NEW DELHI — Hindu nationalists won a resounding victory Thursday in state elections in western India, buttressing the political strength of Narendra Modi, the Hindu ideologue and polarizing figure whose supporters believe could become prime minister in 2014.
With almost all results counted, news reports from Gujarat state, where Modi has served as the state's chief minister since 2001, gave his right-wing Bharatiya Janata Party 115 seats in the state assembly, two less than the 117 seats in the last election. Its closest rival, the Congress party, took 60 seats, one more than it held before.
"Indian voters are mature enough to understand that what's good for Gujarat is good for their future. The people of Gujarat have given a vote for good governance and development," Modi told cheering crowds that had gathered to celebrate his victory.
Analysts noted that Modi gave his victory speech in Hindi instead of the local language, in order to reach out to a larger national audience.
"My work will not stop, I will not tire in my effort to fulfill your dreams of development," he said as the wildly jubilant crowd broke into applause.
The Congress, which leads India's national government, has seen its position dramatically weakened in recent years, its reputation battered by clumsy political maneuvering, weak leadership and a seemingly endless stream of corruption scandals.
The BJP's top leadership has long presented Modi as a potential future prime minister. On Thursday, as supporters danced in front of party offices holding signs calling for Modi to take the country's top position, party officials dodged questions of his role in the next national elections, expected in 2014. Modi himself made clear he was thinking of the future.
"No need of looking behind, FORWARD! We want infinite energy, infinite courage, infinite patience..." said a quote on his personal Twitter site.
Behind Modi, though, lies one of the grimmest times in recent Indian history, when marauding mobs of Hindus killed and burned their way through Muslim neighborhoods in Gujarat in 2001, leaving more than 1,100 people dead.
While he was never charged with a crime, his many critics say Modi did little to stop the three months of rioting. Some have accused him of encouraging the violence.
Since then, Modi has been a deeply divisive figure in Indian politics, a man revered by supporters as a defender of Hinduism and reviled by opponents as an ideologue who has taken advantage of his state's religious divide.
While earlier campaigns highlighted his Hindu credentials, this year's avoided divisive issues.
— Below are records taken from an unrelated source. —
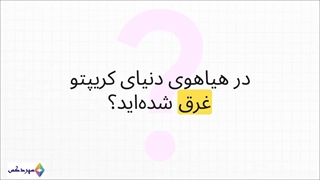 تحلیل جفت ارز TUT/USDT در بایننس: چشم‌انداز و نکات مهم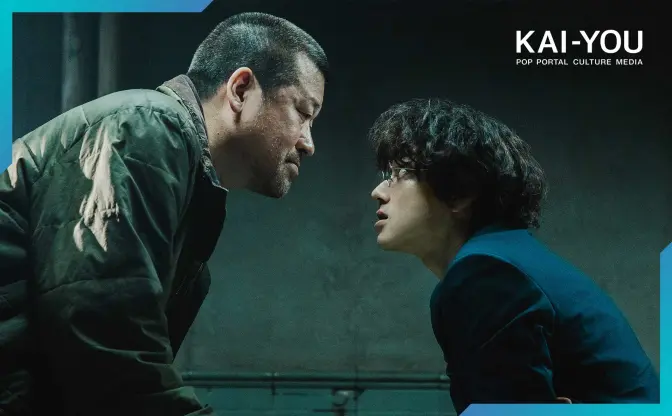 犯人と取調室で頭脳戦って本当にある？──映画『爆弾』を観た元刑事に聞いてみた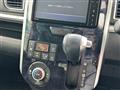 2017 Daihatsu Tanto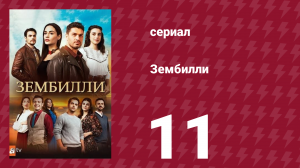 Зембилли 11 серия (сериал, 2025)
Gujarat has become a wealthy state over the past decade, a magnet for companies eager for business-friendly regulations. His campaign showcased his claims that he molded Gujarat's transformation, bringing industries, jobs, electricity and water in a country where power outages and joblessness are epidemic.
Certainly, Modi is the most powerful man in Gujarat. He runs nearly every major state ministry, and his face is omnipresent on posters. One TV station does little but broadcast adoring reports about him.
While Modi is a masterful politician – his latest campaign included high-tech holographic speeches that took his image to dozens of towns and villages at a time – it's unclear if he could become a national leader. His polarizing history would make it difficult for a Modi-led BJP to forge the alliances it would need.
"It's not going to be that easy for the BJP to settle on Modi" as a national leader, political analyst Zoya Hasan said on NDTV television. The party "desperately needs more alliances to create a government in 2014."
His political rivals, not surprisingly, insisted Thursday's victory did little to push him to national power, since the BJP did not dramatically increase its seats in the state parliament.
"This Gujarat election proves that it's not open skies for Narendra Modi," External Affairs Minister Salman Khurshid told reporters.
The Gujarat elections were held Dec. 13 and 17, though official counting did not occur until Thursday.